For counting objects, I have made the necessary changes in the code. Make sure your detection file is a txt with the following format (label must be a string, like car etc.): frame,-1,x,y,w,h,score,-1,-1,-1,label To run the code:
python test_on_video.py --det_file det/video1_0_dets.txt --in_vid_file video1_0.avi --out_vid_file video1_0_tracked.avi
WARNING: The changes only work for video and not for images
Installation: Use this command to install all the necessary packages. Note that we are using python3
Link to the blog click here
pip install -r requirements.txt
This module is built on top of the original deep sort module https://github.com/nwojke/deep_sort
Since, the primary objective is to track objects, We assume that the detections are already available to us, for the given video. The det/
folder contains detections from Yolo, SSD and Mask-RCNN for the given video.
deepsort.py
is our bridge class that utilizes the original deep sort implementation, with our custom configs. We simply need to specify the encoder (feature extractor) we want to use and pass on the detection outputs to get the tracked bounding boxes.
test_on_video.py
is our example code, that runs deepsort on a video whose detection bounding boxes are already given to us.
#Initialize deep sort object.
deepsort = deepsort_rbc(wt_path='ckpts/model640.pt') #path to the feature extractor model.
#Obtain all the detections for the given frame.
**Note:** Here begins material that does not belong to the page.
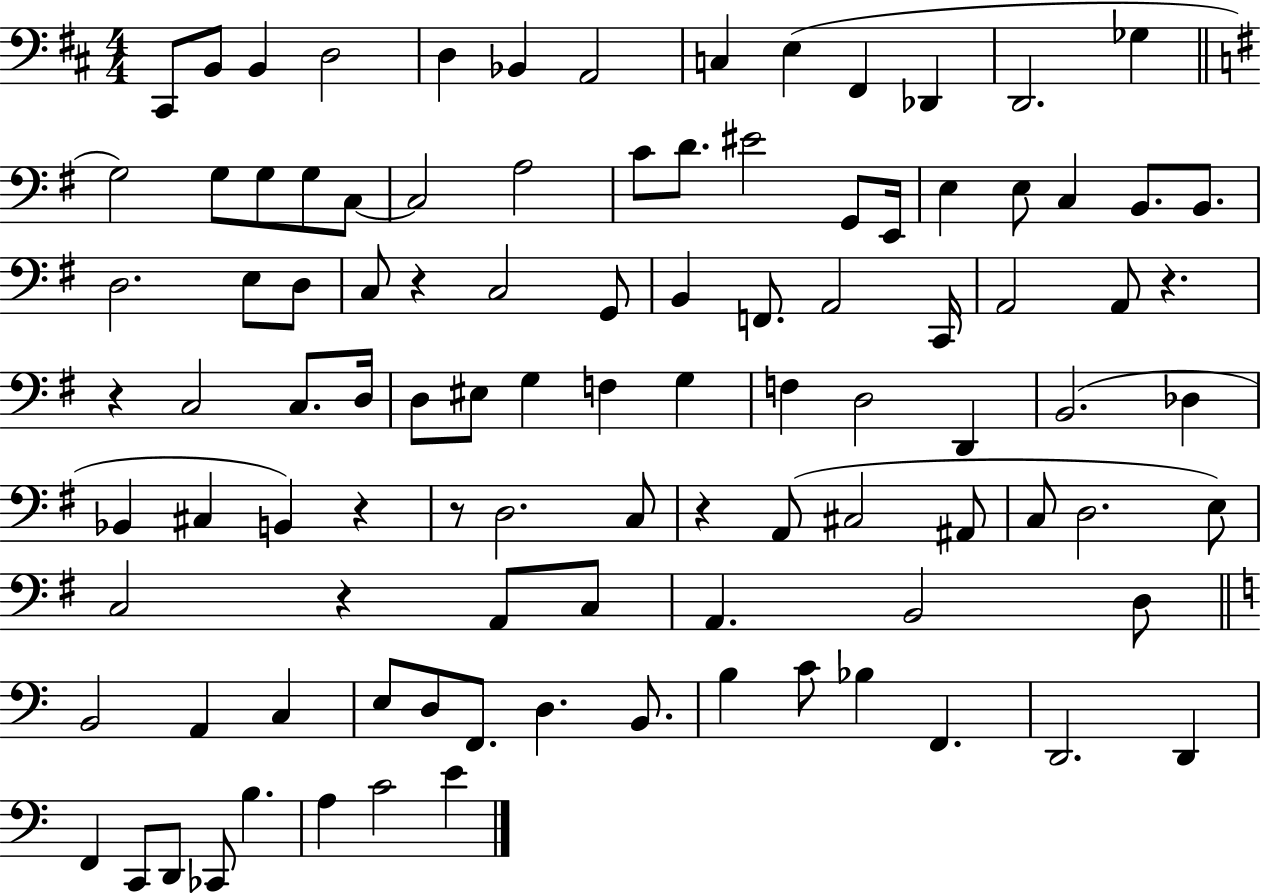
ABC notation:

detections,out_scores = get_gt(frame,frame_id,gt_dict)
#Pass detections to the deepsort object and obtain the track information.
tracker,detections_class = deepsort.run_deep_sort(frame,out_scores,detections)
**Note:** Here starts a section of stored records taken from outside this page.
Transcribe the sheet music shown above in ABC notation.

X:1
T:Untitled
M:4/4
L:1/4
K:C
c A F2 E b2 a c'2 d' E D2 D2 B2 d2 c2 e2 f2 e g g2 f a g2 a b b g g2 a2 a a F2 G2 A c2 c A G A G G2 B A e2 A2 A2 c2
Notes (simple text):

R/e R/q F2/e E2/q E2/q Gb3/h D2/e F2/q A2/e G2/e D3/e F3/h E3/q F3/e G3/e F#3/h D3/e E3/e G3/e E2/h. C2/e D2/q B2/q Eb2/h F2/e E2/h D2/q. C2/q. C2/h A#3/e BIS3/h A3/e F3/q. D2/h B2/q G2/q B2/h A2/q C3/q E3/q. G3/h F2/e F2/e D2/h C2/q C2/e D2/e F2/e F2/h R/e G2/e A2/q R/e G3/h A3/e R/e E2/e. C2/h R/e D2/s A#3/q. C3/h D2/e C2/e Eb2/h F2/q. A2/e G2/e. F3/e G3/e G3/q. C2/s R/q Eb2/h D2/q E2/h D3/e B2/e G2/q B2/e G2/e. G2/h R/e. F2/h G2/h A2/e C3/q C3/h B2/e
#Obtain info from the tracks.
for track in tracker.tracks:
bbox = track.to_tlbr() #Get the corrected/predicted bounding box
id_num = str(track.track_id) #Get the ID for the particular track.
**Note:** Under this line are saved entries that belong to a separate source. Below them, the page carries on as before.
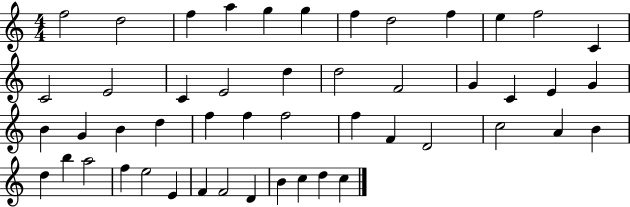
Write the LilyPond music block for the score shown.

{
  \clef treble
  \numericTimeSignature
  \time 4/4
  \key c \major
  f''2 d''2 | f''4 a''4 g''4 g''4 | f''4 d''2 f''4 | e''4 f''2 c'4 | \break c'2 e'2 | c'4 e'2 d''4 | d''2 f'2 | g'4 c'4 e'4 g'4 | \break b'4 g'4 b'4 d''4 | f''4 f''4 f''2 | f''4 f'4 d'2 | c''2 a'4 b'4 | \break d''4 b''4 a''2 | f''4 e''2 e'4 | f'4 f'2 d'4 | b'4 c''4 d''4 c''4 | \break \bar "|."
}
features = track.features #Get the feature vector corresponding to the detection.
The tracker
object returned by deepsort contains all necessary info like the track_id, the predicted bounding boxes and the corresponding feature vector of the object.
Download the test video from here.
The pre-trained weights of the feature extractor are present in ckpts/
folder.
With the video downloaded and all packages installed correctly, you should be able to run the demo with
python test_on_video.py
If you want to train your own feature extractor, proceed to the next section.
Since, the original deepsort focused on MARS dataset, which is based on people, the feature extractor is trained on humans. We need an equivalent feature extractor for vehicles. We shall be training a Siamese network for the same. More info on siamese nets can be found here and here
We have a training and testing set, extracted from the NVIDIA AI city Challenge dataset. You can download it from here.
Extract the crops
and crops_test
folders in the same working directory. Both folders have 184 different sub-folders, each of which contains crops of a certain vehicle, shot in various views.
Once, the folders have been extracted, we can go through the network configurations and the various options in siamese_net.py
and siamese_dataloader.py
. If satisfied, we can start the training process by:
python siamese_train.py
The trained weights will be stored in ckpts/
folder. We can use python siamese_test.py
to test the accuracy of the trained model.
Once trained, this model can be plugged in to our deepsort class instance.